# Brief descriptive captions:
• • • •
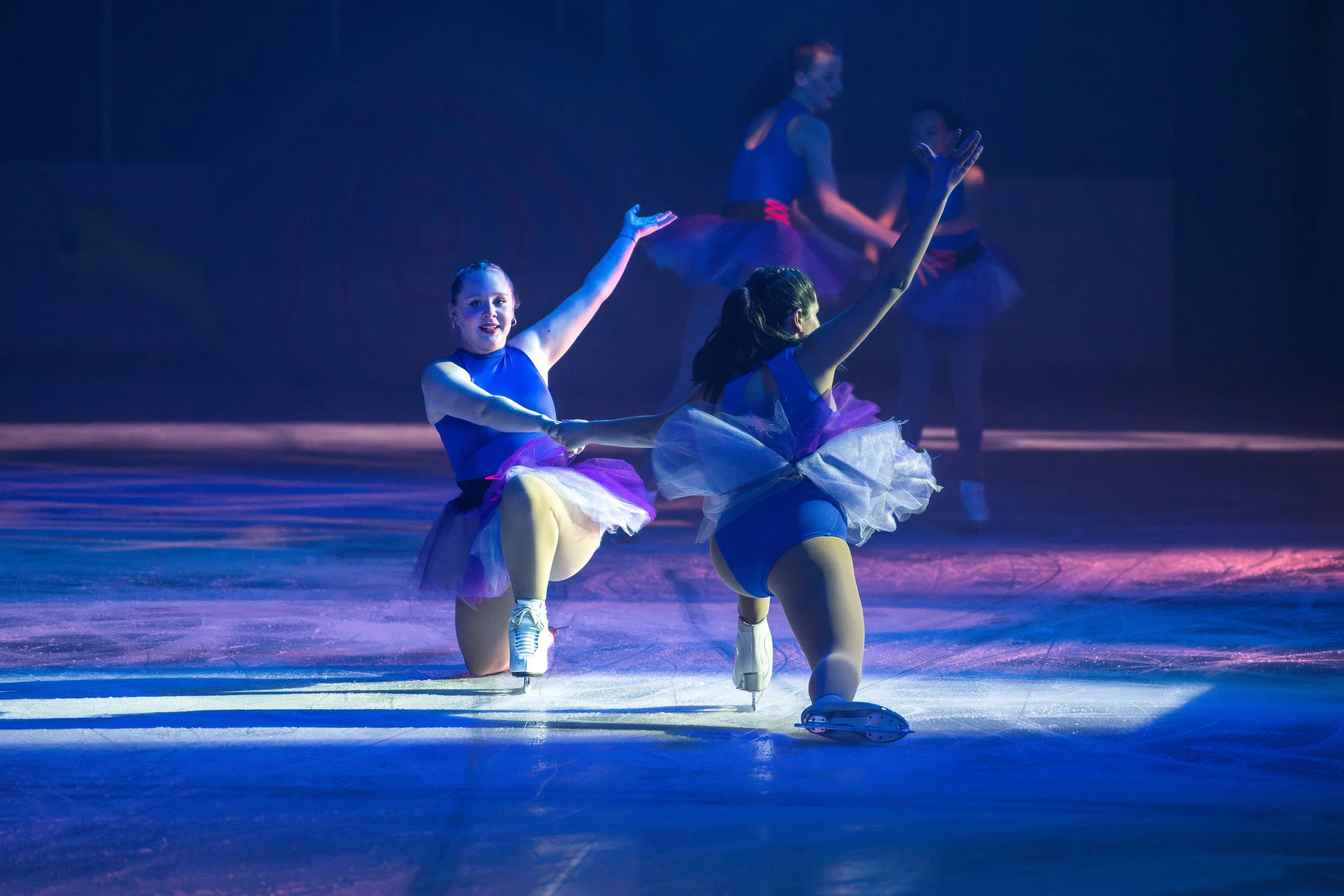 Two young female figure skaters dressed in blue costumes performing a routine on the ice, with one kneeling and the other standing, in a dark setting with blue and purple lighting.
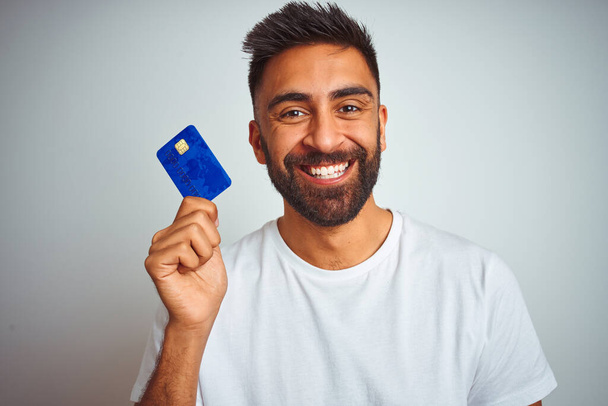 Mladý indický zákazník muž držící kreditní kartu stojící nad izolovaným bílým pozadím s veselou tváří stojící a usmívající se s sebevědomým úsměvem ukazující zuby - Fotografie, Obrázek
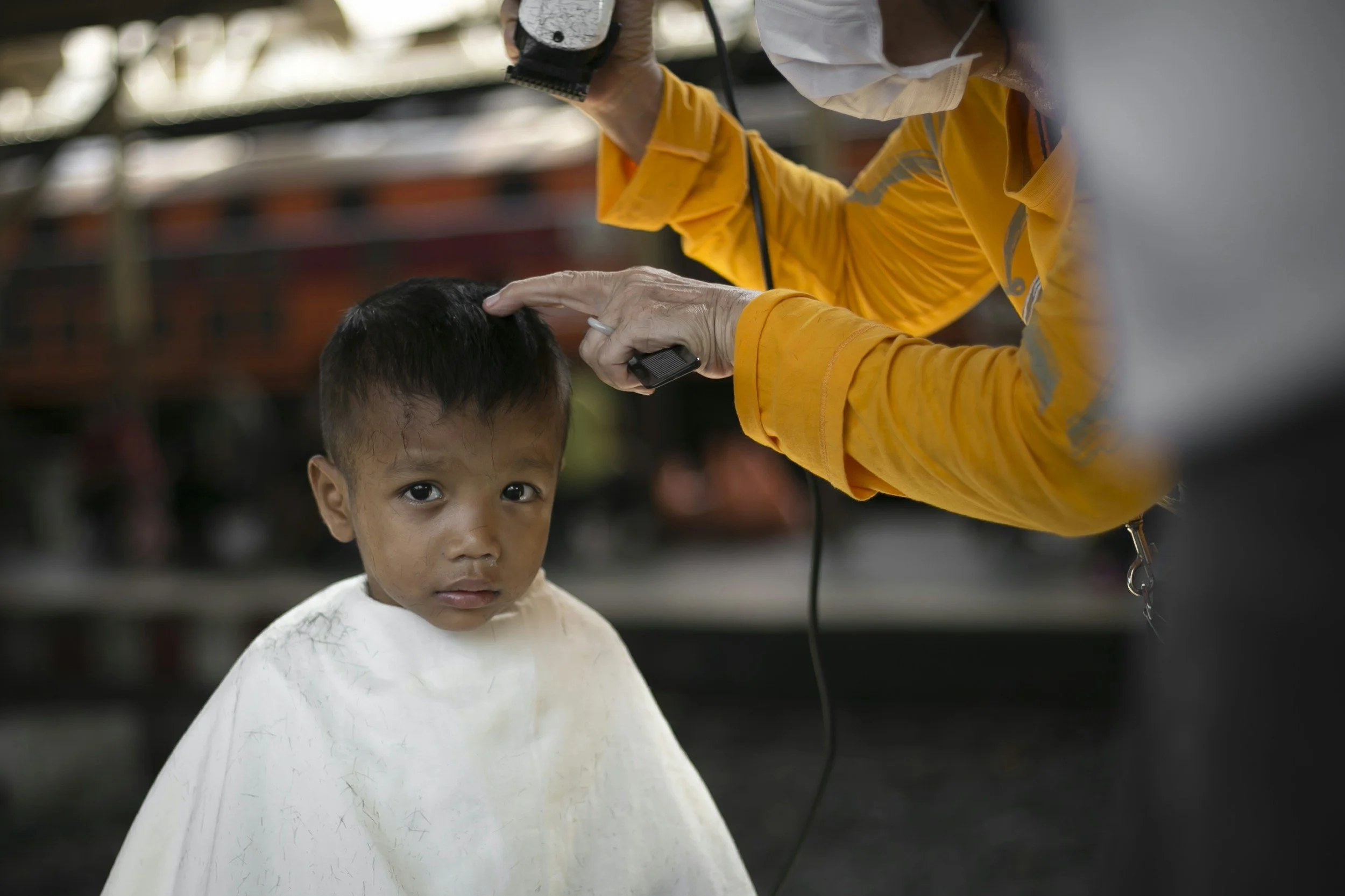 A young boy with a white haircut and dirt on his face sits in a barber's chair while a barber trims his hair using electric clippers.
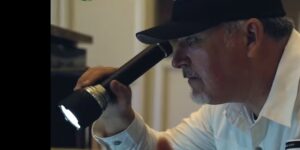A Preferred Choice Pest Control technician performing an inspection with a flashlight in Surprise, AZ.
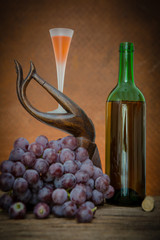 Wine glass and red grape with old steel background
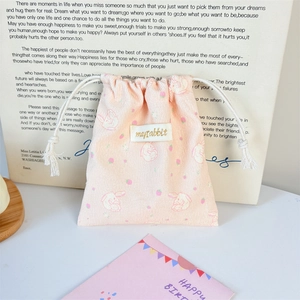 Detail of pink corduroy drawstring bag with cute rabbit print and woven brand label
• • • •
# WHAT THE TASK ASKS:
Exact reproduction of the entries above is what's needed; images stay out.

# WRITTEN ANSWER:
 Two young female figure skaters dressed in blue costumes performing a routine on the ice, with one kneeling and the other standing, in a dark setting with blue and purple lighting.
 Mladý indický zákazník muž držící kreditní kartu stojící nad izolovaným bílým pozadím s veselou tváří stojící a usmívající se s sebevědomým úsměvem ukazující zuby - Fotografie, Obrázek
 A young boy with a white haircut and dirt on his face sits in a barber's chair while a barber trims his hair using electric clippers.
A Preferred Choice Pest Control technician performing an inspection with a flashlight in Surprise, AZ.
 Wine glass and red grape with old steel background
 Detail of pink corduroy drawstring bag with cute rabbit print and woven brand label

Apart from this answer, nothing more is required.